Ashe prevailed, by scores of 14-12, 5-7, 6-3, 3-6, 6-3 (no tiebreakers in those days), becoming the first American man to win the tournament since Tony Trabert in 1955. After the handshake, wrote Dave Anderson in the New York Times, Ashe “clasped his hands and held them high in the traditional gesture of a victorious boxer. Moments later, he cupped his hands behind his head and walked around, staring at the turf.”
With no prize money available to amateurs, Ashe’s $14,000 purse went to Okker. Ashe was allowed to keep only his $28 per diem, amounting to $280 for the tournament. But it wasn’t about the money for Ashe, or for the pages of history.
“There was no guarantee we would have professionals in that tournament,” Pasarell recalled. “They played at Wimbledon, but Robert Kelleher, the president of the USTA at that time, knew there was a lot of opposition. It was no slam-dunk. He came to me and Arthur — we were ranked No. 1 and 2 in the U.S. for 1967 — and without question, we said yes. It showed Arthur’s courage; he wanted to play the best. Said we have to do this. And lo and behold, Arthur wins the tournament. Considering everything that was happening at that time, in tennis and in the country, if you had to write a script, that was the perfect result of the first U.S. Open.”
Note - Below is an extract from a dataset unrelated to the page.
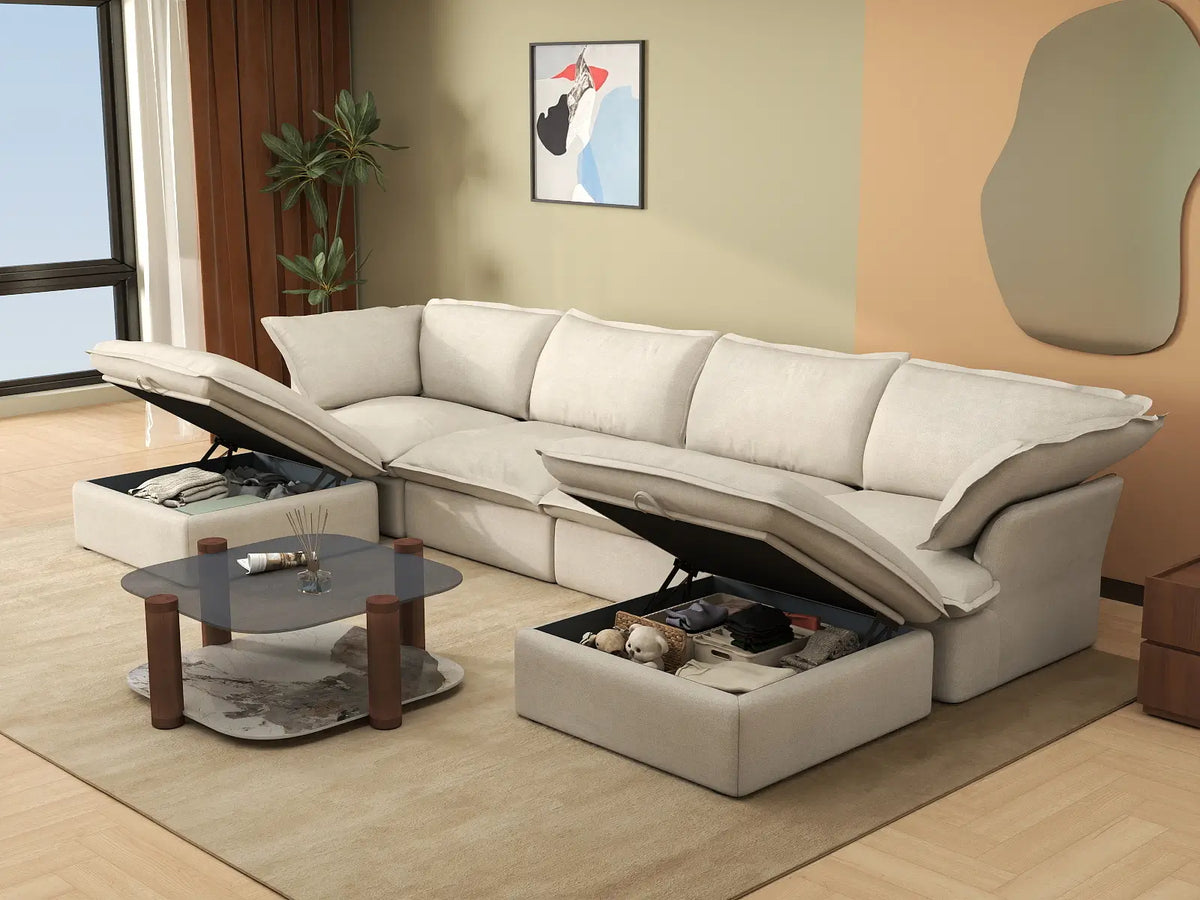 Deluxe Cloud 4-Seater Beige Storage U-Shaped Sectional | 6-Piece (includes 2 Ottomans), Linen and Cotton Fabric, Washable Covers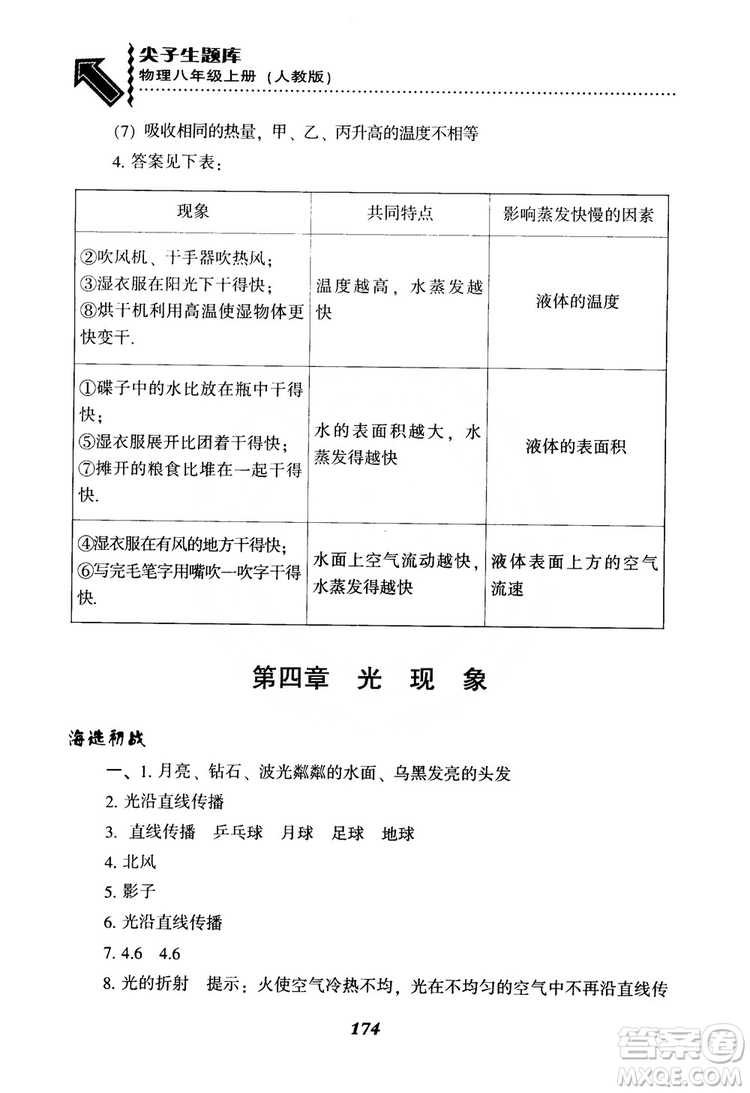 2018年尖子生題庫(kù)物理八年級(jí)上冊(cè)人教版參考答案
Even greater moments were to come. Radically shifting his strategy to fit the occasion, Ashe confounded the heavily favored Jimmy Connors with dinks, chips, drop shots and slices to win Wimbledon in 1975, the greatest triumph of his tennis career. Ashe made several lengthy trips to South Africa, after being denied entry for three years, and according to Drysdale, a native South African, “Arthur was the biggest steppingstone in the destruction of apartheid in sport.”
So much lay ahead — some thought he was destined for the world of politics — until tragedy struck, without mercy. Just three weeks into his 37th year, he suffered a heart attack in 1979. There were complications, and he required a second bypass surgery in 1983. Five years later, having lost all motor function in his right hand, he underwent brain surgery, at which time it was discovered he had AIDS — the result of a blood transfusion from the second heart procedure. He died Feb. 6, 1993, leaving behind his wife, Jeanne Moutoussamy, daughter Camera and a legacy of goodwill.
“I think people now realize what a tremendous effect he had on the civil-rights movement, and in so many other ways,” Pasarell said. “Everything he did was so exemplary. There wasn’t a thing you could say against him. He changed people. He changed the ways of society. He changed the world.”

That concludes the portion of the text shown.